Shares of Aeluma, Inc. (ALMU) jumped 10% to $24.91 on May 26 as momentum buyers piled into the stock, drawn by the company's positioning in optical networking for AI data centers and its work in quantum photonics. The rally extends a volatile stretch — the stock has climbed roughly 20% in just six trading days — and forces a blunt question: how much future is already priced in?

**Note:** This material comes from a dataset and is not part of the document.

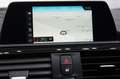 BMW 220 i Coupe Sport Line*Harman Kardon*18 Z.*Led* Noir - thumbnail 22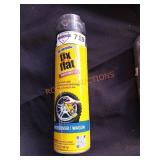 Unopened by rockey auction team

• The AI Data Center Buildout Is Real, but Aeluma's Slice Is Tiny
Top hyperscalers — Microsoft, AWS, Google, and Meta — are expected to spend approaching $700 billion on data centers in 2026 , and about 15% of that investment is related to photonics . Coherent and Lumentum warn that indium phosphide wafer capacity — the material behind the lasers and detectors that move data at the speed of light inside these facilities — could stay tight for years. That bottleneck is the core of Aeluma's pitch. But the company reported Q3 fiscal 2026 revenue of just $1.2 million , and full-year 2026 guidance was narrowed to $4.2–$4.6 million — a rounding error against a market worth tens of billions.

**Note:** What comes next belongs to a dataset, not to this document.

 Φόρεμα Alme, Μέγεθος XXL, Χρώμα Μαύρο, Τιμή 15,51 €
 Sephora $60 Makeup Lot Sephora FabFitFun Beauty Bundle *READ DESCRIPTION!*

• The Stock Now Trades Above Every Analyst Target
According to three analysts, ALMU carries a "Strong Buy" consensus, but the average 12-month price target is $24.67 — below today's price. The price-to-sales ratio stands at roughly 94 times , meaning investors are paying nearly $94 for every $1 of current revenue. That bet only pays off if Aeluma converts its R&D pipeline into large commercial contracts — something that hasn't happened yet.

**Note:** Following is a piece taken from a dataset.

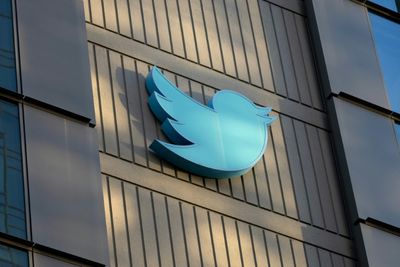 Twitter, Saudi Arabia sued in US over jailed user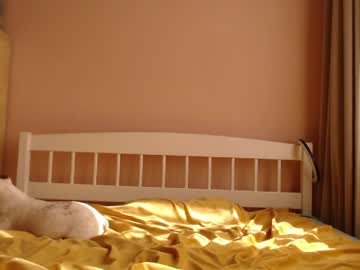 My_hannah lesbian - 2023/06/21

• Government Contracts and Big-Name Links Fuel the Narrative
The company secured six new contracts totaling $5 million, including over $4 million from U.S. government agencies and a NASA award for quantum dot lasers.
Nvidia's $4 billion in strategic investments in Coherent and Lumentum has been read as a halo for Aeluma, even though the company was not a direct recipient. Aeluma now claims over 30 active customer engagements , but engagement is not revenue.
• Cash Buys Time, Not Certainty
Cash stood at $37.8 million as of March 31 , giving the 27-person company years of runway. Yet the tension between Aeluma's promising long-term positioning and its current financial reality of modest revenue and widening losses remains the defining risk. Shareholders are betting that a real supply-chain crisis in optical networking will eventually force hyperscalers to Aeluma's door. Until purchase orders replace press releases, that thesis remains expensive faith.